Un militaire qui « aime la guerre »

Résumons son parcours tel qu’il est reconstitué dans le film. Un jour, au tout début du XIXe siècle, Badia, déjà connu pour ses périlleux essais de vols expérimentaux avec un ballon de son invention, obtient un rendez-vous avec le Premier ministre espagnol à Madrid. Il lui demande de l’aide afin de « partir explorer le Maroc jusqu’à Tombouctou, ville mystérieuse, inconnue de tous ».

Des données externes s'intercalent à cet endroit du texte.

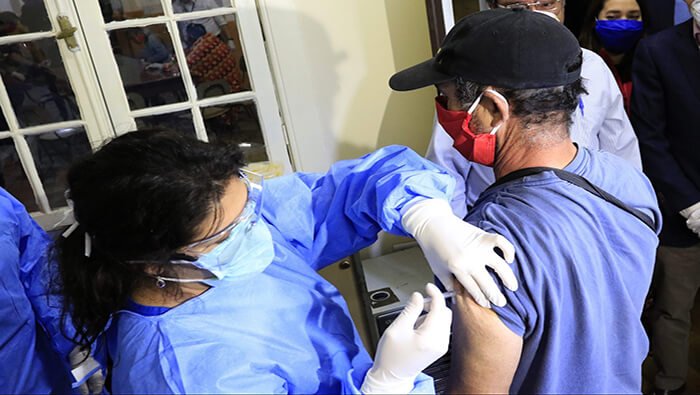 Vacuna chile sinovac agencia uno coronavirus covid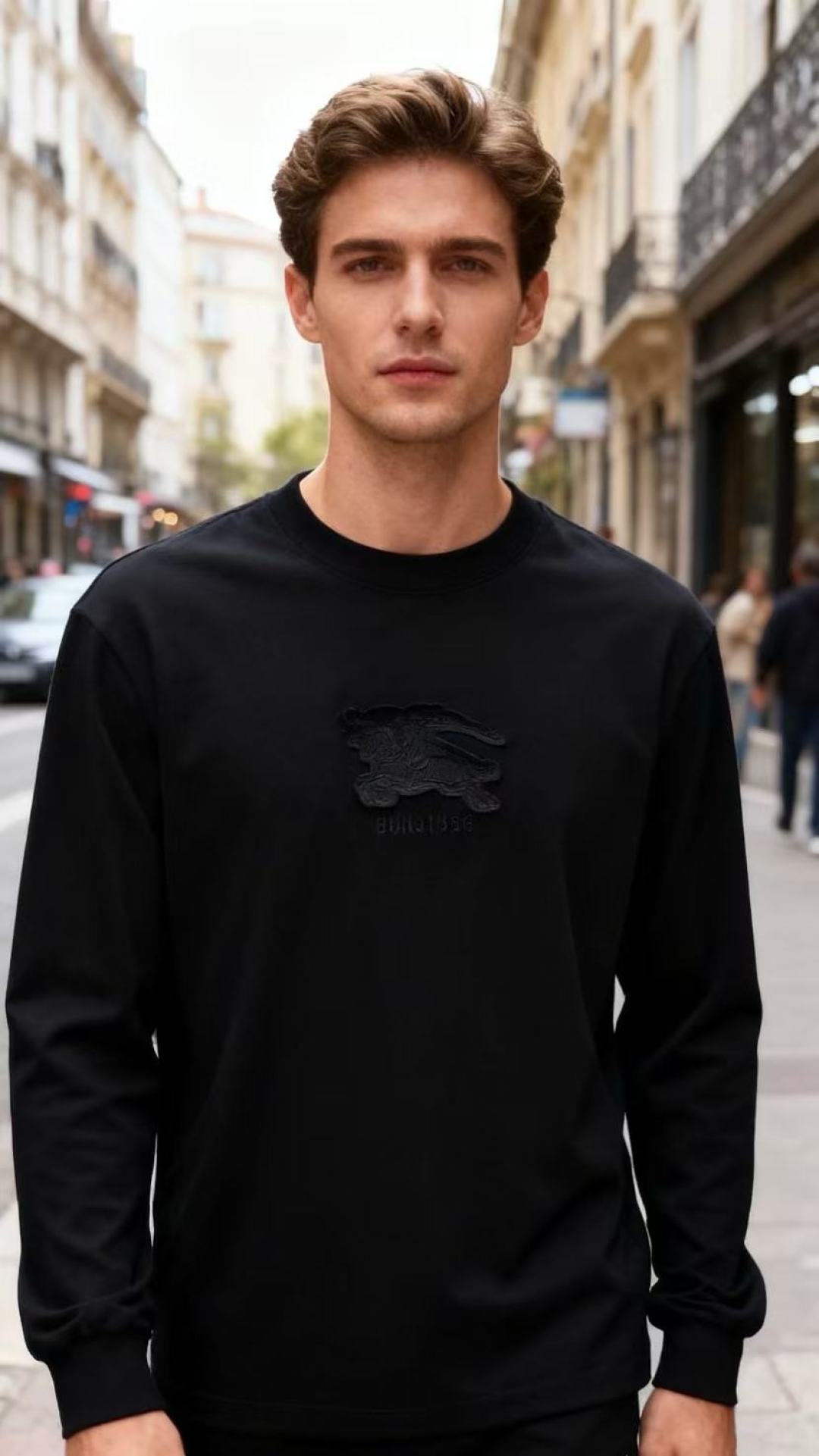 NO:626419,Burberry/Burb*rry. New autumn and winter men's long-sleeved sweatshirts with classic round neck design!  Made of comfortable and warm fabric!  The versatile upper body has a luxurious classic war horse logo pattern on the chest. The design style combines street style with high-end sense. It is suitable for daily casual wear and reflects the brand's integration of urban fashion based on outdoor genes. Sizes M-5XL, shipped the next day!  ,,burberry,burberry,hoodie,sweatshirts,alexander wang19860909巴宝丽/Burb*rry. 秋冬新款男士长袖卫衣经典圆领设计！采用舒适保暖面料！上身百搭胸前奢华经典战马Logo图案,设计风格街头感与高级感兼具,适合日常休闲穿搭,体现了品牌在户外基因基础上对都市时尚的融合.尺码M-5XL,隔天出货！,,burberry,burberry,hoodie,sweatshirts,alexander wang,Men's clothing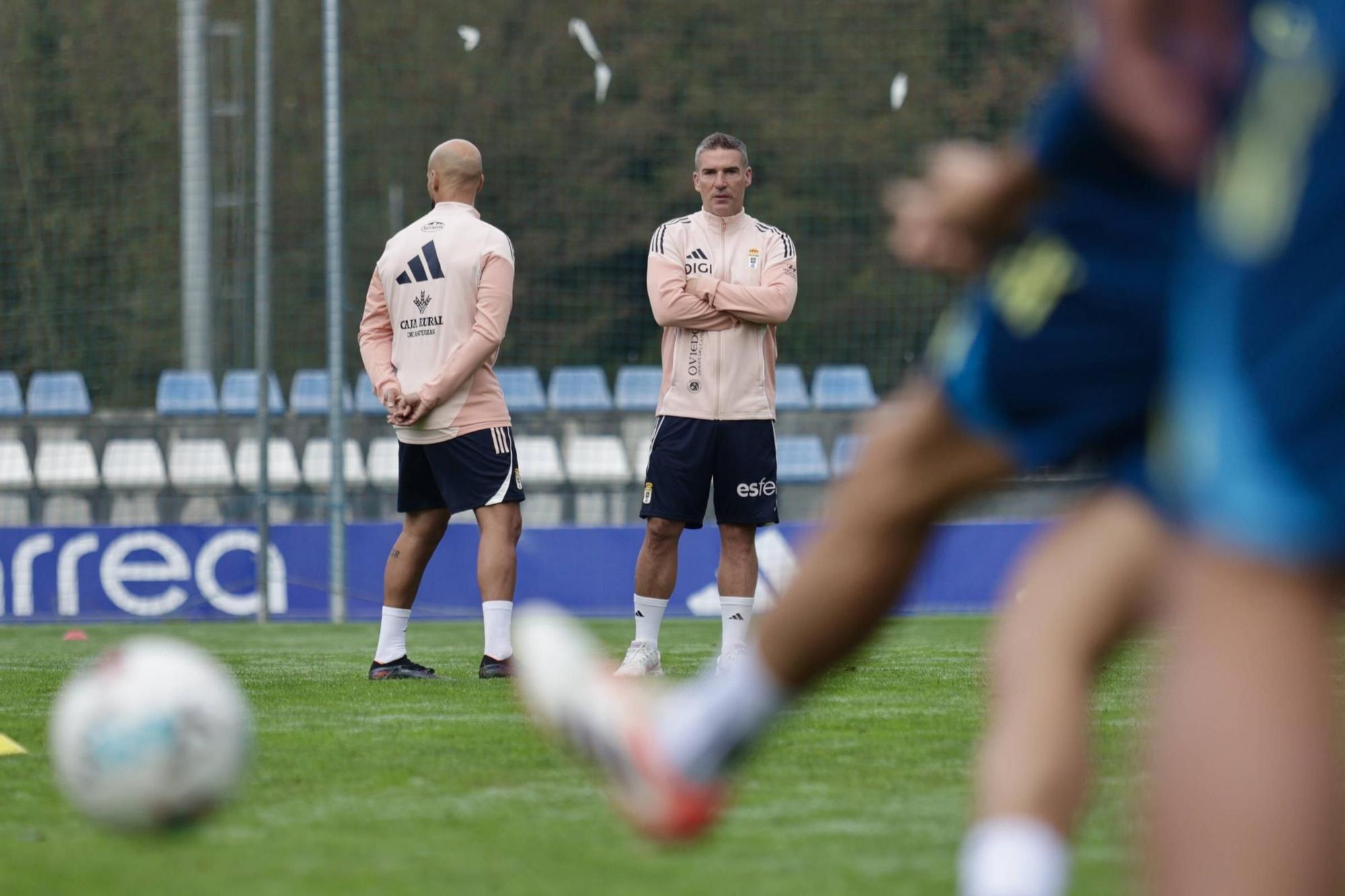 EN IMÁGENES: Así fue el primer entrenamiento de Luis Carrión al frente del Real Oviedo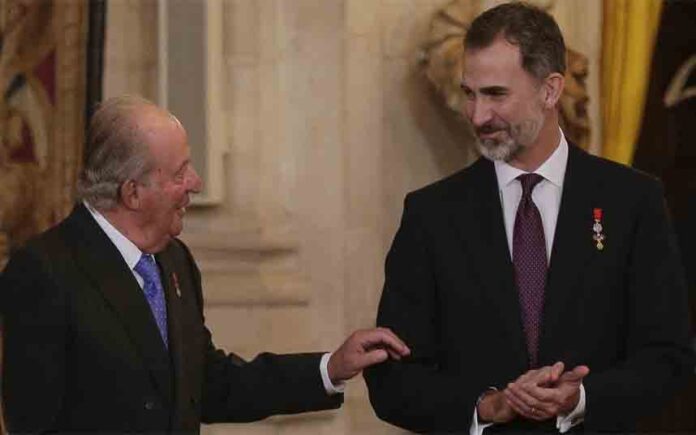 La Casa Real pone en cuarentena a Juan Carlos antes de que el virus de la corrupción llegue a la corona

Mais son interlocuteur pense immédiatement que « ce militaire qui aime la guerre, s’intéresse aux cultures africaines, parle cinq langues, dont l’arabe, et excelle dans l’étude des mathématiques et de l’astronomie » pourrait être fort utile si on détournait le but de sa mission « scientifique ». Car le Maroc et son sultan, peu coopératifs, inquiètent l’Espagne.

Une vie d’agent secret

Et voilà comment, peu de temps après, Badia se trouve chargé d’aller au Maroc gagner la confiance du sultan, passionné d’astronomie, avec l’idée de s’employer à soulever les tribus du royaume pour le faire déposer. Pour se préparer à sa future vie d’agent secret, Badia part vers Paris et Londres.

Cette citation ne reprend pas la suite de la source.